Come già detto prima, le chiacchiere prendono un nome diverso in ogni regione italiana che visitiamo, nonostante la ricetta resti la stessa. Tant’è che i laziali e gli umbri le chiamano “frappe” dalla forma più attorcigliata e con un rossissimo alchemers con il quale sono condite assieme al miele. I veneti ed i friulani decidono di chiamarle “cròstoli“ con aggiunta della grappa ed una frittura con lo strutto, a differenza dei veneziani e dei veronesi che in genere usano il vino bianco o il rosolio, e lo zucchero semolato invece di quello a velo. I piemontesi le chiamano “bugie”, a forma di rombo ripiene di marmellata o cioccolato. A Bologna ci sono le “sfrappole” e come liquore preferiscono quello all’anice o il rum, invece nei “cenci” toscani compare il vinsanto. Tutte da gustare anche le “cioffe” abruzzesi e molisane, arricchite da scorza di limone con Marsala o vino bianco. Al Sud, come liquori, possono figurare tanto il limoncello quanto il cognac. A Mantova le chiacchiere si chiamano “lattughe”, con Marsala e limone e sono più piccole; così come gli “intrigoni” di Reggio Emilia, con scorze di limone, d’arancio, sassolino o anisetta. Per finire con i “fiocchetti” riminesi e le “maraviglias” sarde.
E parlando di chiacchiere, non possiamo non citare il famoso “sanguinaccio”. Esso veniva preparato a gennaio, precisamente il 17, giorno della festività di Sant’Antonio Abate. Dobbiamo dire che con il Santo c’entra ben poco, più che altro c’è una coincidenza di date e a tal proposito, con il passare del tempo e quindi della tradizione, si è lasciata l’immagine del Santo con il maiale. Infatti, proprio in questo giorno finiva il rituale di macellazione, quindi si raccoglieva il sangue, per trarne una crema con cacao, zucchero, farina, vino cotto, cioccolato fondente, grasso di maiale, cedro candito, cannella, chiodi di garofano, uvetta e noci. Inizialmente aveva uno scopo medico, in quanto veniva usato per colmare la mancanza di ferro, in seguito è diventato uno dei simboli della gastronomia napoletana. Questa resta una ricetta di recupero che i contadini hanno creato, perché, come si sa, del maiale non si butta via niente! Veniva mescolato in continuazione, per evitarne la coagulazione, per poi essere aggiunto alla crema di cacao cotta nei grandi pentoloni di rame, tipici di una volta. Al giorno d’oggi si prepara, ma la crema è priva di sangue, infatti esso è stato bandito dalla cucina in tutta Italia dopo la legge del 1992, in quanto è un veicolo di malattie, per scongiurare il rischio di infezioni.

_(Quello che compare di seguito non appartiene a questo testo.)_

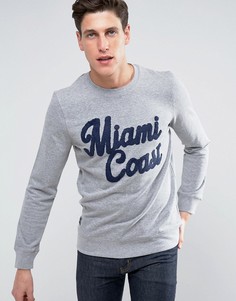 Свитер с круглым вырезом Threadbare Miami - Серый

In generale le chiacchiere si possono consumare con tutti i tipi di creme che si preferiscono: partendo dalle confetture e marmellate, passando per la cioccolata fondente, a latte o bianca, miele, ma anche creme come quella chantilly o quella pasticcera. Insomma mangiando le chiacchiere potete dare libero sfogo alla vostra golosa fantasia ma mi raccomando: non pensate troppo alle calorie!